GOAL OF THE EXERCISE: Please give back, exactly as written, the lines from the line with "Power Cleanse leaves" to the line with "Hi, my name" in the listing below, leaving out all pictures.
Segment Start: PROVIDED DATA
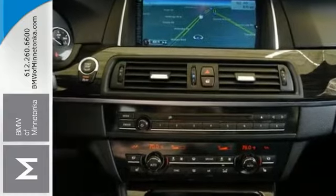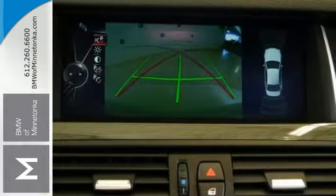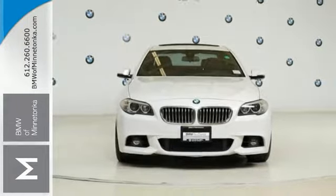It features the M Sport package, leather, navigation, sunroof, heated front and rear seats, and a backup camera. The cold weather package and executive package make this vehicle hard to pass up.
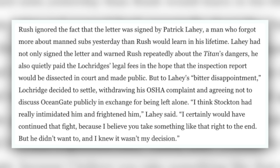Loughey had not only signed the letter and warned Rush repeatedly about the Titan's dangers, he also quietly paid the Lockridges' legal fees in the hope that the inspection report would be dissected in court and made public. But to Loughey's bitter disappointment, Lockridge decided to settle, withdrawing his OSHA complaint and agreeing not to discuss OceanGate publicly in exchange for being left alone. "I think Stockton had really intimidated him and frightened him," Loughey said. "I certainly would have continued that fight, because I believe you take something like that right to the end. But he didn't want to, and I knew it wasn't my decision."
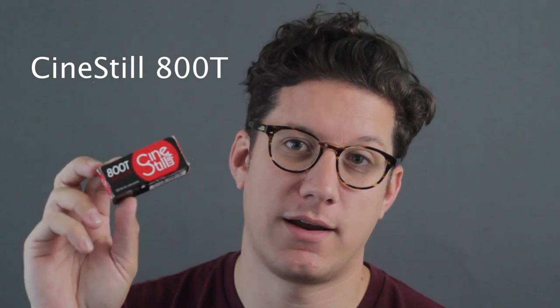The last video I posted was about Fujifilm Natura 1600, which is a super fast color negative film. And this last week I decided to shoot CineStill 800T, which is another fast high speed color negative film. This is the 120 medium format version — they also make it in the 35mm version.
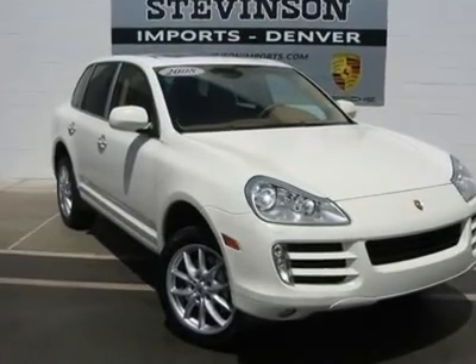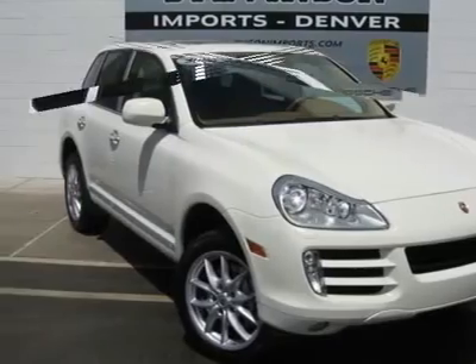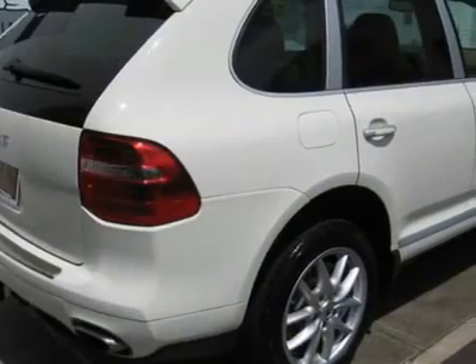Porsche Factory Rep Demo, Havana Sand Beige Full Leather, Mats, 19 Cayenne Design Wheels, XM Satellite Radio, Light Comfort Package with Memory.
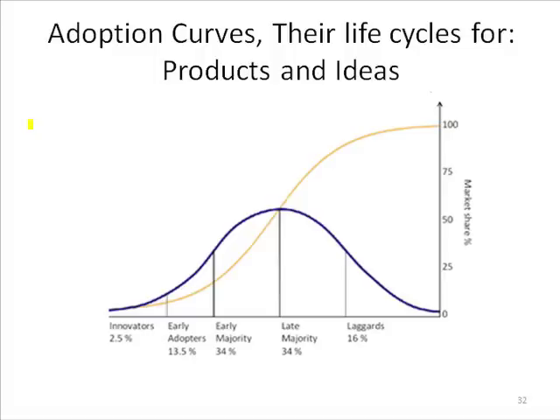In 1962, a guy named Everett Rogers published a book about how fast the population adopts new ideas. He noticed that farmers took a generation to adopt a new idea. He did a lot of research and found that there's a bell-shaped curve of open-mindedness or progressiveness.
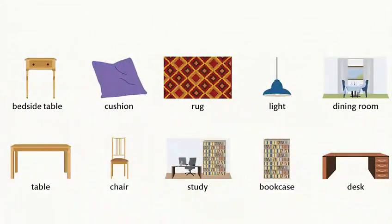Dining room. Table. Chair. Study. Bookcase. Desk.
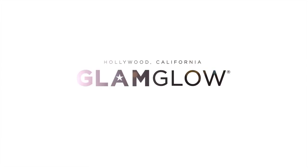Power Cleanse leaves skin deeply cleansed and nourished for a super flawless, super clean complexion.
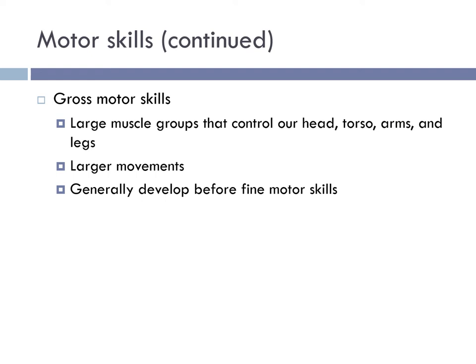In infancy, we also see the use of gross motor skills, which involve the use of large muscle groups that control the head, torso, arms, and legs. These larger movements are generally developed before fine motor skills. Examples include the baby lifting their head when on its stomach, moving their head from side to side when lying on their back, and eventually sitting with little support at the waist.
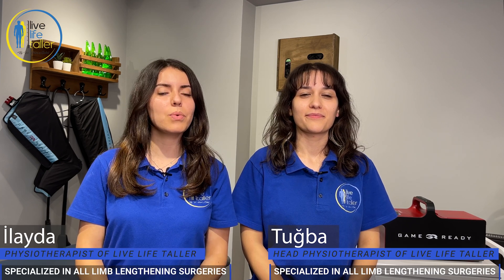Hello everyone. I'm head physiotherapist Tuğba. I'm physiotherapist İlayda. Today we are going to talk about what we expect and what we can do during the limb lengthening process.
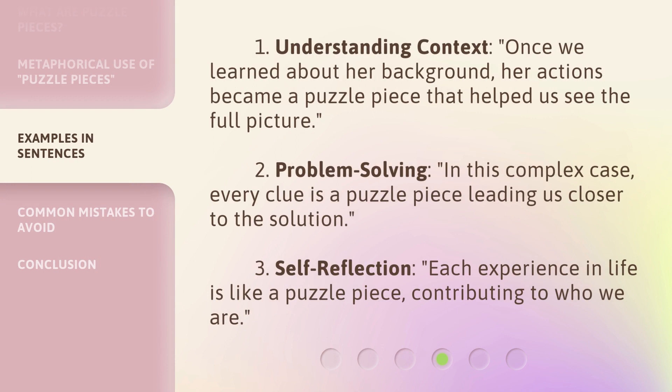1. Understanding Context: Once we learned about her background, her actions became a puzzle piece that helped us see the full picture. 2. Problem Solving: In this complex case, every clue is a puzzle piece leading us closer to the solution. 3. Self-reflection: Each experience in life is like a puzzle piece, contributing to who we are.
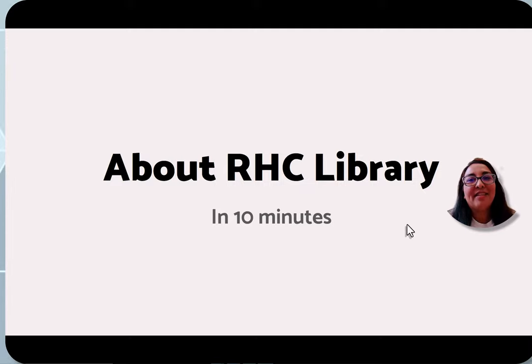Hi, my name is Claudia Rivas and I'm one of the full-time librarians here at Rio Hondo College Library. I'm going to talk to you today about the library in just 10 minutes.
Segment End: PROVIDED DATA
Segment Start: PROVIDED DATA
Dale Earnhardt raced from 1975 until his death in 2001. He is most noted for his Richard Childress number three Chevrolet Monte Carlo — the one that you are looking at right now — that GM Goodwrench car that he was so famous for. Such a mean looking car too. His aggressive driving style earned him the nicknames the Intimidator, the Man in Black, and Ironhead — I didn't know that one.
Segment End: PROVIDED DATA
FINISHED TASK:
Power Cleanse leaves skin deeply cleansed and nourished for a super flawless, super clean complexion.
In infancy, we also see the use of gross motor skills, which involve the use of large muscle groups that control the head, torso, arms, and legs. These larger movements are generally developed before fine motor skills. Examples include the baby lifting their head when on its stomach, moving their head from side to side when lying on their back, and eventually sitting with little support at the waist.
Hello everyone. I'm head physiotherapist Tuğba. I'm physiotherapist İlayda. Today we are going to talk about what we expect and what we can do during the limb lengthening process.
1. Understanding Context: Once we learned about her background, her actions became a puzzle piece that helped us see the full picture. 2. Problem Solving: In this complex case, every clue is a puzzle piece leading us closer to the solution. 3. Self-reflection: Each experience in life is like a puzzle piece, contributing to who we are.
Hi, my name is Claudia Rivas and I'm one of the full-time librarians here at Rio Hondo College Library. I'm going to talk to you today about the library in just 10 minutes.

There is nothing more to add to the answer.